Unless it is mandatory for you to use VB6 (eg: it is forced on to you by your school/college/etc), it would almost certainly be a better idea to use a newer version of VB (or another language) instead.


*An alternative option: newer versions of VB* (2002 and later)
Versions of VB since 2002 are known as VB.Net, and they provide several extra features that VB6 does not have, such as:
the ability to easily use icons in your menus (which is very hard in VB6),automatically resize/move the items on your forms when the form size changes (which you need to write code for in VB6 [FAQ article on sizing/moving controls in VB6]),write programs that work on PDA's and phones (not possible with VB6 [FAQ article on PDA's and Phones from VB6]),...and much more.
Due to the large amount of differences between VB6 and VB.Net, code written in VB6 is unlikely to work in VB.Net, whereas code written in one version of VB.Net will usually work in later ones.

Learning VB6 first is unlikely to help you learn VB.Net, and arguably will make it harder - in addition to the extra time you spend learning VB6.

The latest version of VB.Net is available for *free*: http://www.microsoft.com/express
...and due to the increase in features over the years, the Express edition is almost as good as the high-end editions of VB6.

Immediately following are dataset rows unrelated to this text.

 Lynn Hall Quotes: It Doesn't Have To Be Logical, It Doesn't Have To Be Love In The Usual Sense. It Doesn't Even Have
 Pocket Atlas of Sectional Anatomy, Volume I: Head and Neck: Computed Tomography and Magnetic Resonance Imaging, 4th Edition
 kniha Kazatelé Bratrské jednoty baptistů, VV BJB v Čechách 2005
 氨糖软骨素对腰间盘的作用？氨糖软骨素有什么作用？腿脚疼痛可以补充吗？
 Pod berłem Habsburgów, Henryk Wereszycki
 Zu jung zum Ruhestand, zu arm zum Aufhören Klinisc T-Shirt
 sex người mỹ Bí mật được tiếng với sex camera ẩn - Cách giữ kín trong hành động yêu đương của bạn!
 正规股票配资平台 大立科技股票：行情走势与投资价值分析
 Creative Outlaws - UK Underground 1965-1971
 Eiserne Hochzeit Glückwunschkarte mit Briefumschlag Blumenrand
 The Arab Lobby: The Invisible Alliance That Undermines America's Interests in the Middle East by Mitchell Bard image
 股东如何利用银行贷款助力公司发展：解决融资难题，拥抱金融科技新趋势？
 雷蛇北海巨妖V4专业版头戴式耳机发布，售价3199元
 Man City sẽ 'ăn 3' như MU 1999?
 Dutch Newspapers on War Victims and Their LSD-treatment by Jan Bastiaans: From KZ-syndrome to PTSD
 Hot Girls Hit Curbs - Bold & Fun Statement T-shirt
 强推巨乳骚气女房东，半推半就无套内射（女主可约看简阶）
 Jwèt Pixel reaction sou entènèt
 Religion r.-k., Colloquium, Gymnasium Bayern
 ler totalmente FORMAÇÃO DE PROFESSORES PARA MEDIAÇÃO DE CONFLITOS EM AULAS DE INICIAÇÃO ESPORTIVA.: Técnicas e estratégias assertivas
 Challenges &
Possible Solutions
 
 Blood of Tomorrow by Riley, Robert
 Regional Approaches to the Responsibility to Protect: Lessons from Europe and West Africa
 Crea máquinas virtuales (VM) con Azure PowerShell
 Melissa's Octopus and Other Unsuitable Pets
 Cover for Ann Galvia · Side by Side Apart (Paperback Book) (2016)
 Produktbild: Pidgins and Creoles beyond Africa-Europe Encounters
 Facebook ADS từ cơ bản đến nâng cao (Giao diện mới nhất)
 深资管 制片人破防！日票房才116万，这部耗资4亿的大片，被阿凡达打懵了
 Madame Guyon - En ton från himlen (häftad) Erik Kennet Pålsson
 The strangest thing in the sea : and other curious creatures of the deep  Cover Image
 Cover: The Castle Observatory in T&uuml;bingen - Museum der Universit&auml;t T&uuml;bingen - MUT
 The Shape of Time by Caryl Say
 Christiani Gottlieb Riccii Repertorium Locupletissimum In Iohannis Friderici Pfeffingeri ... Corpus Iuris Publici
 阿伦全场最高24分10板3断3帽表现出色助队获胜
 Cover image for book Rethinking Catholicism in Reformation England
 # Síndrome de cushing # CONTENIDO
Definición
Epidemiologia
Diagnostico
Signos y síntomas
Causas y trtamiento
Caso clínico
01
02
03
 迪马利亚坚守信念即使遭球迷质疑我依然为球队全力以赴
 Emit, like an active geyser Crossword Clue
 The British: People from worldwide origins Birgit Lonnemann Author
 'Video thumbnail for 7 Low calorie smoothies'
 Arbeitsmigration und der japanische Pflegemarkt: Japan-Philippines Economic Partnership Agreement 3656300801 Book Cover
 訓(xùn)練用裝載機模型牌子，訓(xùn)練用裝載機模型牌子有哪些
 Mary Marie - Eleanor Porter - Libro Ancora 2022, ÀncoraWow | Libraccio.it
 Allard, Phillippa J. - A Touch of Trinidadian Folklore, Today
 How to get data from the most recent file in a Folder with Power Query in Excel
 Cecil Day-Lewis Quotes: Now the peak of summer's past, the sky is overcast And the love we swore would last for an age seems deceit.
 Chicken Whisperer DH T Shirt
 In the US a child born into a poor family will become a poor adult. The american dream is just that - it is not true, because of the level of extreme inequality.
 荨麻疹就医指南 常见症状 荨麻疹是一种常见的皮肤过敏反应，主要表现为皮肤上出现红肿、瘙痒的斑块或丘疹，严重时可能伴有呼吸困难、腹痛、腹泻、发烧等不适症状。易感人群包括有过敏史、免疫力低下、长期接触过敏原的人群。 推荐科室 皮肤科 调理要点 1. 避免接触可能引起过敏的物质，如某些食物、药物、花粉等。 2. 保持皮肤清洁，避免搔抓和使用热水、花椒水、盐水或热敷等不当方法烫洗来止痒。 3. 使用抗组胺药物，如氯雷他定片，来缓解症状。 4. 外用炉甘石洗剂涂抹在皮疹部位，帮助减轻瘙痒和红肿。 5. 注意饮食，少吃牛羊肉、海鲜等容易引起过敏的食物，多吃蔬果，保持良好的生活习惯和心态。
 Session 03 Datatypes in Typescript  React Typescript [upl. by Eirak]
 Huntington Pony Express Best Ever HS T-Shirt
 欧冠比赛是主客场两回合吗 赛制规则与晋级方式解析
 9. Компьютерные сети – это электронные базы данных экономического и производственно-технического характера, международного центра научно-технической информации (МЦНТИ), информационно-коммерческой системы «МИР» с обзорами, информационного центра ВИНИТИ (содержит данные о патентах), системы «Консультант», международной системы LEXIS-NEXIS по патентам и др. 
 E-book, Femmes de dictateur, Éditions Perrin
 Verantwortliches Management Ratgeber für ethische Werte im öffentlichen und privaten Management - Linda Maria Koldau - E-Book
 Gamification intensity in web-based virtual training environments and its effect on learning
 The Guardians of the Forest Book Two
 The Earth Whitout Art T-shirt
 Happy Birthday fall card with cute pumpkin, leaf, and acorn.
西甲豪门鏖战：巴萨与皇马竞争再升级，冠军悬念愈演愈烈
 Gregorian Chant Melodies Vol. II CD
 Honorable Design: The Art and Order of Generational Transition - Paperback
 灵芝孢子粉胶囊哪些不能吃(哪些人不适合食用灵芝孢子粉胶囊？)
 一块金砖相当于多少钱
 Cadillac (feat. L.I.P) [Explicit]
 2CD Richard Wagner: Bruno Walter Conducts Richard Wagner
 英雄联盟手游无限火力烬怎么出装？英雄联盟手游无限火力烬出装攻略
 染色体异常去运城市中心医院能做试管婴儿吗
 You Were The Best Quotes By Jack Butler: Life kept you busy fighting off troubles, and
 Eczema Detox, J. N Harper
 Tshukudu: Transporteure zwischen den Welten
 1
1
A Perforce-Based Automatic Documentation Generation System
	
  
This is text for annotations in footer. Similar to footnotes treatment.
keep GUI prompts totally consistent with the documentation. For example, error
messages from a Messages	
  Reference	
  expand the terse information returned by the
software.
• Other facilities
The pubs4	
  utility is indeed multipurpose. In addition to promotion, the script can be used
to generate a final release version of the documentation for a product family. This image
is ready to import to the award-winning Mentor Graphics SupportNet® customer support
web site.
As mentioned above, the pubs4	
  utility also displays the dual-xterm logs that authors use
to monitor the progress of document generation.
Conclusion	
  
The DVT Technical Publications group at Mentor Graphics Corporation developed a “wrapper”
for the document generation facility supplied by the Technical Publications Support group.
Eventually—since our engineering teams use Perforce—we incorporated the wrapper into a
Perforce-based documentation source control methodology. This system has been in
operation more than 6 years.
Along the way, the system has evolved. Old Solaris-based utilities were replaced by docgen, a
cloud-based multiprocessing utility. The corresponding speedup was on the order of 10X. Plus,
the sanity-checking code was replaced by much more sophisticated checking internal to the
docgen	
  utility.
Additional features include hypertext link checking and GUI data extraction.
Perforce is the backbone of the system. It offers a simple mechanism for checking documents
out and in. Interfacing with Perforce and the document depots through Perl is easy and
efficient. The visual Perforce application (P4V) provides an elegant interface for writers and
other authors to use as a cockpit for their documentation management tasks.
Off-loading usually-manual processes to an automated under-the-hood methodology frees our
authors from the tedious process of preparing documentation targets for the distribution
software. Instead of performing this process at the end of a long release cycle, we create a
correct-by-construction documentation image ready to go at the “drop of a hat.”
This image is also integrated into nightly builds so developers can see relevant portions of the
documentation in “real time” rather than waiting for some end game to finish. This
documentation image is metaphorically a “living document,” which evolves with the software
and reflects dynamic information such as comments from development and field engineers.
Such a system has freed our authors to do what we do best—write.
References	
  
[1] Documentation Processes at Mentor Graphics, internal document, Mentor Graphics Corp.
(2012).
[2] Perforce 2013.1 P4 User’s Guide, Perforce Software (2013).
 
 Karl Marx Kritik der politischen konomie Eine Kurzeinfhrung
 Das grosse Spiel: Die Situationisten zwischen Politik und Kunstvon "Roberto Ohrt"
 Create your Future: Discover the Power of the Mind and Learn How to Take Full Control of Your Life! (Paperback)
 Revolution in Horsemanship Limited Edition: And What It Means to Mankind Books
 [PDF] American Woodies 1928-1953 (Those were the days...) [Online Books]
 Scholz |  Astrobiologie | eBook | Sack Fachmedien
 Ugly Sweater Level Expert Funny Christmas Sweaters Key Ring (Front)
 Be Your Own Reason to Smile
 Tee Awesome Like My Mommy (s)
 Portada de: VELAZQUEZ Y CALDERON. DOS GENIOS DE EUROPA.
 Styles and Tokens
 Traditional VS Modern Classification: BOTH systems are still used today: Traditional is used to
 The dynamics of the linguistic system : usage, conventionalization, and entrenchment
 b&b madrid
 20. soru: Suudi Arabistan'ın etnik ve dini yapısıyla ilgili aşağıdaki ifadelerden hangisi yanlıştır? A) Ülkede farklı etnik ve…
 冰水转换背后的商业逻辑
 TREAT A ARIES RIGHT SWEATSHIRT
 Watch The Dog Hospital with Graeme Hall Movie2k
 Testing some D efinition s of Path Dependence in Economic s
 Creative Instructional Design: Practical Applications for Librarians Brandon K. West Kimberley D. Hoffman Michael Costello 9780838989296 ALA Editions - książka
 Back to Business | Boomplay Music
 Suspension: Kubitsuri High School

I and many others recommend that you use the Express edition to start with.  If you find at some point that it does not have all of the features you want (eg: you can't use it to write programs for PDA's and phones), you can get another edition and still use the projects you have written - and the cost of the edition you need instead is likely to be cheaper than getting the VB6 equivalent (assuming there is one with those features).

----------